ISBN : 9782715228214


Petite-fille d'Henri IV et de Marie de Médicis - dont elle parle avec beaucoup d'affection - fille de Gaston, duc d'Orléans, frère cadet de Louis XIII, nièce par alliance d'Anne d'Autriche et enfin cousine germaine de Louis XIV et de son frère, Philippe, Anne-Marie-Louise d'Orléans, duchesse de Montpensier, fut assurément le plus beau parti de France et sans doute aussi le plus imbu de ses origines illustres. On reproche d'ailleurs souvent à celle que L Histoire a surnommée à jamais "la Grande Mademoiselle" cette hauteur, cette conviction de son rang et cette fierté princières qui, pourtant, à lire ses "Mémoires", ne paraissent guère au lecteur rien d'autre que de toutes naturelles.

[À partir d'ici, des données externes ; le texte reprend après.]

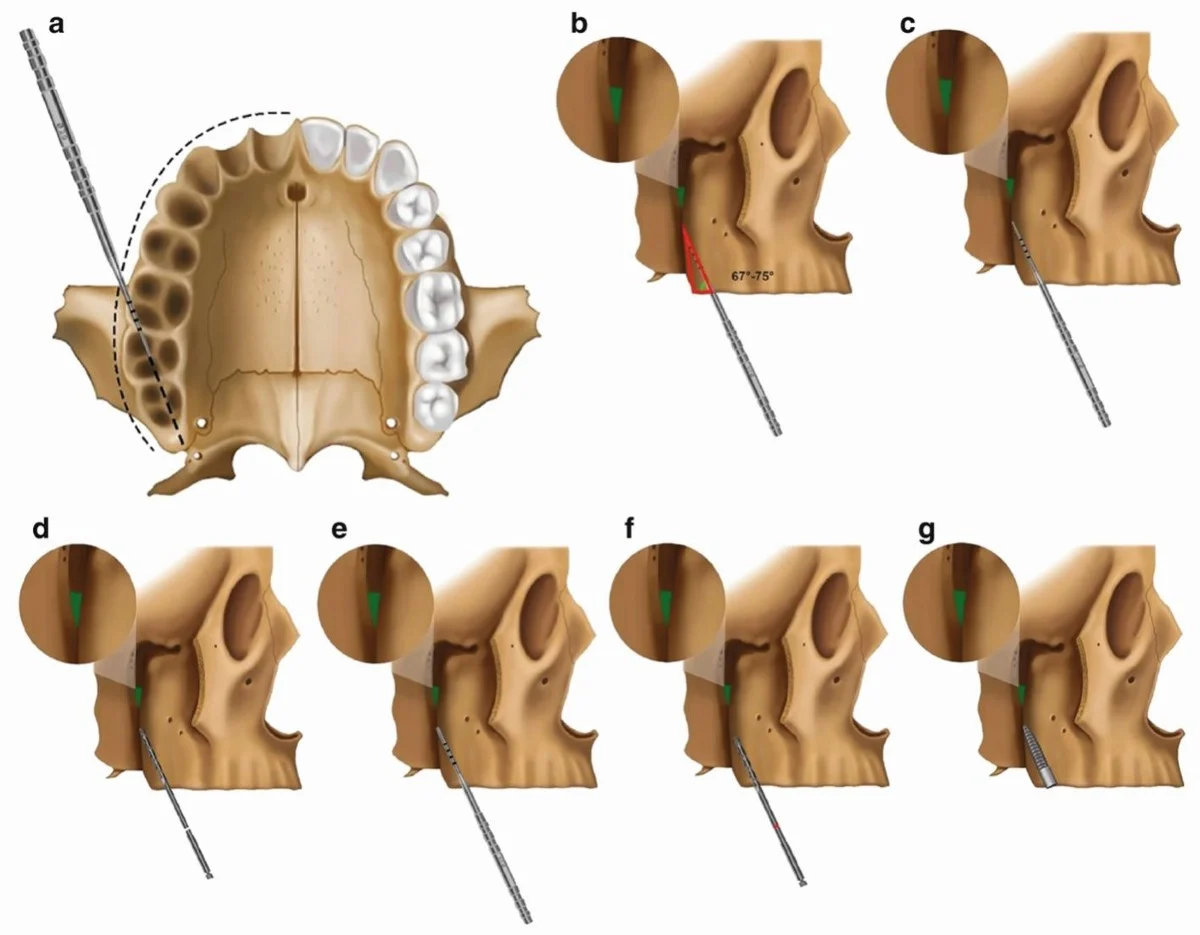Pterygoid dental implants (Benefits, Risks & How They Compare to Zygomatic) 16 pterygoid dental implants2 Pterygoid dental implants (Benefits, Risks & How They Compare to Zygomatic)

Si Mademoiselle ne laisse jamais oublier les sommets à elle conférés par sa simple naissance, elle insiste vraiment très rarement sur le fait. Pour elle, cela coule de source et elle est persuadée que celui qui la lira pensera de même. Au reste, comme elle le dit elle-même, elle n'écrit pas pour raconter L Histoire et si l'on peut reprocher quelque chose à ses "Mémoires", c'est une dose certaine de narcissisme. Mais un narcissisme là encore si naturel et même si naïf qu'il désarme d'autant plus vite qu'on y décèle une bonté et une intégrité foncières. Mademoiselle se voulait grande dame mais elle fait partie de ces aristocrates qui, tout en veillant jalousement sur leurs droits, estimaient en parallèle qu'en posséder, surtout à un niveau aussi élevé, ne les exemptait pas des devoirs qui vont avec.

L'édition présente n'est évidemment pas l'intégrale du texte - 2500 pages imprimées dans la version Chéruel. Par nature, vous vous en doutez - nous eussions volontiers lu ladite intégrale mais, pour l'instant, n'ayant pu nous la procurer dans une édition moderne, nous nous sommes contenté de ces modestes six-cent-trente-quatre pages qui retracent tous les grands moments de la vie de la duchesse de Montpensier, non sans redites il est vrai - surtout vers la fin - avant de s'arrêter sur l'abrupt d'une phrase inachevée.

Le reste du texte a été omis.